Mother-of-seven Laila opens a box containing insulation packaging that will keep her family warm this winter.

Mother-of-seven Laila opens a box containing insulation packaging that will keep her family warm this winter. © UNHCR/N.Colt

ARBAT, Iraq, December 30 (UNHCR) More than 3,000 internally displaced Iraqis are living in Arbat camp three months after it opened to shelter to some of the 2 million people uprooted by conflict in northern and central Iraq in 2014.

They comprise some 660 families, including 40-year-old Laila, her husband Khalaf and their seven children. The family from Sinjar fled to the city of Suleymaniyah in northern Iraq’s Kurdistan region in August to escape the deadly advance in other parts of the country of militant forces.

They stayed in a partly built building with no windows or doors, but when temperatures began to drop in early December, and the US$200 monthly rent became too much to pay, Laila and Khalaf opted to move to one of Iraq’s growing number of tented camps.

Thousands of other internally displaced people have been doing the same thing as temperatures continue to drop and the job market contracts.
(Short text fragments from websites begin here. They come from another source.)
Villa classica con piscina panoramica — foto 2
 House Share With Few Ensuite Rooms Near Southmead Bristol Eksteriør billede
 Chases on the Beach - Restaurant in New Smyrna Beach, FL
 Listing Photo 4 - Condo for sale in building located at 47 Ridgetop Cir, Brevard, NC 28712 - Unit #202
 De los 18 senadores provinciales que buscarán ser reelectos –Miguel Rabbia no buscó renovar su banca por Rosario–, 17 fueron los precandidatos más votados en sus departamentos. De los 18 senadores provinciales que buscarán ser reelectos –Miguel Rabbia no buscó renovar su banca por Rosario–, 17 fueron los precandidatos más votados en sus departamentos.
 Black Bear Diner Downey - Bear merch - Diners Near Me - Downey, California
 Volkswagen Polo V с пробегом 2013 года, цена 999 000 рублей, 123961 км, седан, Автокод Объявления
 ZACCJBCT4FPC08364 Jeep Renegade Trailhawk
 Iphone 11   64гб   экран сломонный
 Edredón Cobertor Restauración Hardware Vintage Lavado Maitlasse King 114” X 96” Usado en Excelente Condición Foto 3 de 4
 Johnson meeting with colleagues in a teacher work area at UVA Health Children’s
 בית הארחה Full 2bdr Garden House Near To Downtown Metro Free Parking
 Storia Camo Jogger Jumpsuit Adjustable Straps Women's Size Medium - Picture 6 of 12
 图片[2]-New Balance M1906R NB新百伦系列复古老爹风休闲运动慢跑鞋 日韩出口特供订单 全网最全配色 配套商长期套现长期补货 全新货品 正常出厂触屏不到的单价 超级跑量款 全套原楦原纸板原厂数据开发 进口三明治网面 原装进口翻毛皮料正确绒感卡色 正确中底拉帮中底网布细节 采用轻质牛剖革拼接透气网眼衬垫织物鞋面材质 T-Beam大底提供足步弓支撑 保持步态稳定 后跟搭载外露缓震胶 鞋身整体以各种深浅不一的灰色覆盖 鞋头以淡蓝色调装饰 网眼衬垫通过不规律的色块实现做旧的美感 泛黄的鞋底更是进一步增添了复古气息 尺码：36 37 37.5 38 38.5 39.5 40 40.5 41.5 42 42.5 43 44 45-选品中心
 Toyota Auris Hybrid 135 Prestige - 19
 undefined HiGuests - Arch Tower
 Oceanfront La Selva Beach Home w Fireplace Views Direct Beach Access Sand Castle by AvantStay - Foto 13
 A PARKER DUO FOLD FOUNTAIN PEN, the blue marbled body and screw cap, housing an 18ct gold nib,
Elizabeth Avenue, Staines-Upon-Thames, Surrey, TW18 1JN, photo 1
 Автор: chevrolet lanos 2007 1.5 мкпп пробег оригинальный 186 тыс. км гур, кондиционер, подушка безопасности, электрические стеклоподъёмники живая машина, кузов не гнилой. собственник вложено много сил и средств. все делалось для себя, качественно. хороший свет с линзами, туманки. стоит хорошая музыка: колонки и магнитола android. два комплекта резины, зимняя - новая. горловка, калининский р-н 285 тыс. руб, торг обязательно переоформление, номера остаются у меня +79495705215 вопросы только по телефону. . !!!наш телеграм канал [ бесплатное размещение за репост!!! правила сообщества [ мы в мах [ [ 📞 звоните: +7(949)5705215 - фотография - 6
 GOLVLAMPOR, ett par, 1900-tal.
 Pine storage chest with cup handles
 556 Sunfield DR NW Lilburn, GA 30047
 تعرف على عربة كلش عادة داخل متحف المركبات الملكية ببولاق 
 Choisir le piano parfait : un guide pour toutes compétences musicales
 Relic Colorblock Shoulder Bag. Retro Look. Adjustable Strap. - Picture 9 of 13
Running short of financial resources, they hope to receive winter assistance in the safety of camps from organizations like UNHCR.

A television, satellite dish, bags of clothing, a tricycle and a refrigerator are piled up outside the two UNHCR tents at Arbat camp that Laila and her family now call home. “Tent camps are for those without money and who have nowhere to go,” says 46-year-old Khalaf, a former construction worker in Sinjar. “Those who complain most about living in camps can usually afford to live elsewhere.”

Here in Arbat, there is water, latrines, electricity, children’s areas and a monthly ration of food. But it is far from ideal. Most such camps across Iraq lack hot water while schools are still in the planning stage. Mud is a near-constant companion.

Arbat is just one of 24 camps for displaced Iraqis now open across the country. Another 17 are under construction, with almost all slated for completion by the end of January. There are more than 160,000 people living in these camps, but that number will likely more than double in the next few weeks.

While most of the displaced have now been moved out of schools, there are still tens of thousands living in unfinished buildings, with relatives, in rented apartments or in collective centres.

As of November, an estimated 40 per cent of the 2 million displaced were living in sub-standard shelter—that’s the population that UNHCR and other aid agencies have prioritized to ensure that they will remain warm and dry through the winter.

“We are in a race against the clock here,” says UNHCR Representative in Iraq Neill Wright. “We are making substantial progress, but the sheer numbers of those in need, and the fact that they are spread out across some 2,000 sites across Iraq, makes it a daunting challenge.”

The weatherproofing of thousands of houses and collective centres is under way, and, since early November, UNHCR has been airlifting to Iraq 25,000 tent insulation kits from a factory in Pakistan. Thousands have been distributed, tent-by-tent, to camp populations. The priority is to help those living in high elevations where the winter snow is falling.

One of those camps is Arbat. Earlier this month, on their move-in day, the Laila and her family received their tent insulation kit. Within 30 minutes they had laid out the polystyrene flooring panels and hung fibre liners along the walls— essentially creating a tent within a tent. Laila says camp life is far from ideal, but this winter, they can plan on being warm and dry.